Putin-Frachter auf Irrfahrt
"Die Sprengkraft entspricht der Atombombe über Hiroshima"

Von t-online, mk

Aktualisiert am 21.09.2024 - 19:42 UhrLesedauer: 4 Min.
imago images 104852495Vergrößern des BildesEin Frachtschiff (Symbolbild): Aktuell liegt das Frachtschiff "Ruby" in der Nordsee – mit einer gefährlichen Ladung. (Quelle: Huang Hao via www.imago-images.de)

Ein Frachter mit 20.000 Tonnen Ammoniumnitrat an Bord steuert Richtung Litauen. Doch Experten sind nicht nur wegen der explosiven Fracht in Sorge.

In friedlicheren Zeiten würde die Irrfahrt der "Ruby" wohl keine große Beachtung finden. Im stürmischen Nordatlantik geraten Schiffe schon mal in Seenot, werden beschädigt und müssen dann notankern. Doch in Zeiten der hybriden Kriegsführung Russlands gegen den Westen erregt der Frachter vor der Küste Norwegens das Interesse von Sicherheitsexperten – und das nicht nur wegen seiner explosiven Fracht.

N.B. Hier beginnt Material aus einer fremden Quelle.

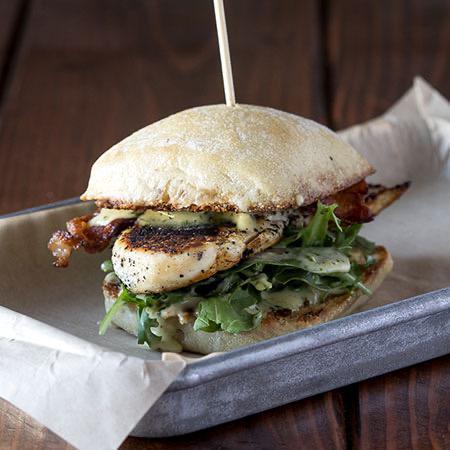 Morrison Burger · Herb-marinated chicken, bacon, pesto, baby arugula, aioli, on ciabatta.
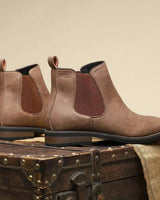 Men's Chelsea boot on a plain background showing full silhouette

Etwa 20.000 Tonnen Ammoniumnitrat hat die unter maltesischer Flagge fahrende "Ruby" geladen. Das Salz dient als Grundlage für Düngemittel – aber auch für Sprengstoffe. Wie gefährlich Ammoniumnitrat sein kann, zeigte sich im August 2020 im Hafen von Beirut, als etwa 2.750 Tonnen der Chemikalie explodierten.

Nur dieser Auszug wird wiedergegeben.